Cummins was born in Georgetown, Ont. He worked in Ontario’s pulp and paper industry and in Alberta’s oilfields before moving to B.C. in the 1960s. He worked underground on construction of the W.A.C. Bennett Dam, a large hydroelectric dam on the Peace River in northern B.C.

Eventually, he settled in Delta, where he worked as a school teacher for 15 years, teaching both Grade 1 and high school math. He also taught in the Northwest Territories and northern Alberta.

But Cummins says everything changed one day when he saw an ad on television.

"They were talking about a lot of things," he said. "Western alienation, a fact that Western Canada didn't have much of a voice in Ottawa — and it just captivated my interest."

Eventually he was elected as an MP.

Cummins served as the Delta-Richmond East MP for nearly 18 years, elected first as a Reform Party and later as a Canadian Alliance member in 1997 and 2000 and then a Conservative in 2004, 2006 and 2008.

During his time in office, Cummins — who owned and operated commercial fishing vessels in B.C. for several decades — served as the critic for Fisheries and Oceans twice.

He was a vocal proponent of the commercial fishing industry and was one of 40 commercial fishermen fined for illegal fishing over a 2001 protest over what they said were abuses in aboriginal food fisheries.

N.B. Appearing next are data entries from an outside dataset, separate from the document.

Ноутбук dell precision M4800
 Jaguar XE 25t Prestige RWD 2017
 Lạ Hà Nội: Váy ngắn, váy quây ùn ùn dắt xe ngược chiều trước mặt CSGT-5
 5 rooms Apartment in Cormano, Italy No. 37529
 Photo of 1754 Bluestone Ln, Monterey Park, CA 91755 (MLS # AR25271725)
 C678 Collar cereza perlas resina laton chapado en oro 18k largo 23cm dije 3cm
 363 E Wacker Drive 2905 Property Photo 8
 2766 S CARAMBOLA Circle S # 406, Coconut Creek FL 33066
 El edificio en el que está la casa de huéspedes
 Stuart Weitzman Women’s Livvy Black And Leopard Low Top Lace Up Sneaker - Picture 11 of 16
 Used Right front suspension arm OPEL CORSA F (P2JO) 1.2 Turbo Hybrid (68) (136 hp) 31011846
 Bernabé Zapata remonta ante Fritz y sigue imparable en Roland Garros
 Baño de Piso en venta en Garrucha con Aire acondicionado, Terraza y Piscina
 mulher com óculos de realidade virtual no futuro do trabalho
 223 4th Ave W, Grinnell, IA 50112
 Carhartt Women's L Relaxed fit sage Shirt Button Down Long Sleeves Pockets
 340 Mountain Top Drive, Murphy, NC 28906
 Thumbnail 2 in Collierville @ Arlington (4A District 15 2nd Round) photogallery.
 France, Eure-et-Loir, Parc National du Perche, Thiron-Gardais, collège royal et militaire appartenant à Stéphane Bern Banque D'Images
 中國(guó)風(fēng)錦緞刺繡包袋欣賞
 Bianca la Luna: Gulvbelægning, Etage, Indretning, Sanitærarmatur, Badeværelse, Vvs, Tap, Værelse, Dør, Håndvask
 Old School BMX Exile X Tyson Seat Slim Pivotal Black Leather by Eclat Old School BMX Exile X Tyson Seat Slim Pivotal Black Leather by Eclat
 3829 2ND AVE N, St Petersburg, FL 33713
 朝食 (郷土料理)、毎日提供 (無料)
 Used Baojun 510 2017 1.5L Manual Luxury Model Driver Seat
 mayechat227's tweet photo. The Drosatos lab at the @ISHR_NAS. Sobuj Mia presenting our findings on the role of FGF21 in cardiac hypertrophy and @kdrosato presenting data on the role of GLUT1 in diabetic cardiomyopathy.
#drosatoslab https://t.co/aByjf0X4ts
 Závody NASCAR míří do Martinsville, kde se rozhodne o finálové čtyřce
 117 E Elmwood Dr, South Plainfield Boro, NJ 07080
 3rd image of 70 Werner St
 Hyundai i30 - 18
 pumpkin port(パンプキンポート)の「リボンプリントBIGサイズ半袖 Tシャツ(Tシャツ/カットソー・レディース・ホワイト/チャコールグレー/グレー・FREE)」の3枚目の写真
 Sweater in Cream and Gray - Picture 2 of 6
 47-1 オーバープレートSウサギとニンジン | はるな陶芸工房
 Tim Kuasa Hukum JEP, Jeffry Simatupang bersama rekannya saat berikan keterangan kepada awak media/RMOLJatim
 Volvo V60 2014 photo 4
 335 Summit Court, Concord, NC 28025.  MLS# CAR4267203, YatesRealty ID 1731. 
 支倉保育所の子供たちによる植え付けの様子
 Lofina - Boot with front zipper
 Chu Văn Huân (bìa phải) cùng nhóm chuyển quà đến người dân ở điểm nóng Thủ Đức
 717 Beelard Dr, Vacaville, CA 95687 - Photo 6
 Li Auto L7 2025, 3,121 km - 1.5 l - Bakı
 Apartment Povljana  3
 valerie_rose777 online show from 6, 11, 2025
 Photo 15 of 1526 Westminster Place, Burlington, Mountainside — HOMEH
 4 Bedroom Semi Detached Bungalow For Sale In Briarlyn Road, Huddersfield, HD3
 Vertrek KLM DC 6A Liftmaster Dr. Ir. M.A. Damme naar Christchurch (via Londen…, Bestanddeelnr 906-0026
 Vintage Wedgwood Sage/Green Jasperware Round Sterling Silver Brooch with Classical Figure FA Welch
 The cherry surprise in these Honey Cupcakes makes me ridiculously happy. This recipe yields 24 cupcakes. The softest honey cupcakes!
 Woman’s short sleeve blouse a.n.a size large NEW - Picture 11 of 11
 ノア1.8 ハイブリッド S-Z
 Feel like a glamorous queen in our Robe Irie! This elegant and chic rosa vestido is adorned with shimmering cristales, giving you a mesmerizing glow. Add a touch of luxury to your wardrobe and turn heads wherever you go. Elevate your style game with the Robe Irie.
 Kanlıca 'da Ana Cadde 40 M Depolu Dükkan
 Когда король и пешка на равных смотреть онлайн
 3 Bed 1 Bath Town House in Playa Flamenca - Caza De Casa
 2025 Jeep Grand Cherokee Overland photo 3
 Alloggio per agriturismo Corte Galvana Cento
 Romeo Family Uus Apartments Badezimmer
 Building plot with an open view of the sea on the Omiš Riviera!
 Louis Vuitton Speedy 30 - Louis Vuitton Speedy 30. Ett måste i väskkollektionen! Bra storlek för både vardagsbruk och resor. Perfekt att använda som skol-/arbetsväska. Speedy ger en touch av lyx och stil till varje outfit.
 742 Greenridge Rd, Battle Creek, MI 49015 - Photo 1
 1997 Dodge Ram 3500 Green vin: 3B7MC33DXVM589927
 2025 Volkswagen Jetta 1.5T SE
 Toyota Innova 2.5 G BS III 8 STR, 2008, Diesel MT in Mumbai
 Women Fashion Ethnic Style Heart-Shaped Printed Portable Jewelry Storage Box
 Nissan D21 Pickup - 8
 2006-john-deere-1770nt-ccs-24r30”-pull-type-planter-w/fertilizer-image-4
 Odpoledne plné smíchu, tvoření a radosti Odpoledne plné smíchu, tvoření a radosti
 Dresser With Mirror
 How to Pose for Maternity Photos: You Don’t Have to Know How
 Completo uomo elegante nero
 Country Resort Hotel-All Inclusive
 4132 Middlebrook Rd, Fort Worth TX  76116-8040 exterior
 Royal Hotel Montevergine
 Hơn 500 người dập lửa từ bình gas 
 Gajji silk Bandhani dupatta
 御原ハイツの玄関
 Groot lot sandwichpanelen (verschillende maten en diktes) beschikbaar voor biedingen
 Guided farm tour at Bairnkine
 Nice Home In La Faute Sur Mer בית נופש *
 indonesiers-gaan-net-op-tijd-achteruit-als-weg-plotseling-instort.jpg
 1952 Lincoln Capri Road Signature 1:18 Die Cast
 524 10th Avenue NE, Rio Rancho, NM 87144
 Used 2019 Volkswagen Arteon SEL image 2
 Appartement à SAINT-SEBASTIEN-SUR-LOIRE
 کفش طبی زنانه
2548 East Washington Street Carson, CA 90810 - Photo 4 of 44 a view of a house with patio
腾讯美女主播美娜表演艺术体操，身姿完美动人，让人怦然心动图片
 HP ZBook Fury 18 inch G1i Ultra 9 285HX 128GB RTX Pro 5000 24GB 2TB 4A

Cummins even spent a couple nights behind bars for his participation in the protest.

"Somewhere along the line I earned that term of 'maverick'," Cummins said.

"I always thought that I was pretty well-behaved. But there were moments, you might say."

In March 2011, Cummins left Ottawa and ran unopposed for leadership of the B.C. Conservative Party later that year.

Last fall, a faction of the party tried to oust him as leader, but Cummins held onto power.

While it's a long shot for any Conservative to win a seat, Cummins says he believes the party offers an alternative for voters.

"I'm here to tell you, you have another choice," he said.

"I think that we've certainly prepared the ground for the success that the B.C. Conservatives will have for years to come. And I think that that's what we'll continue to do."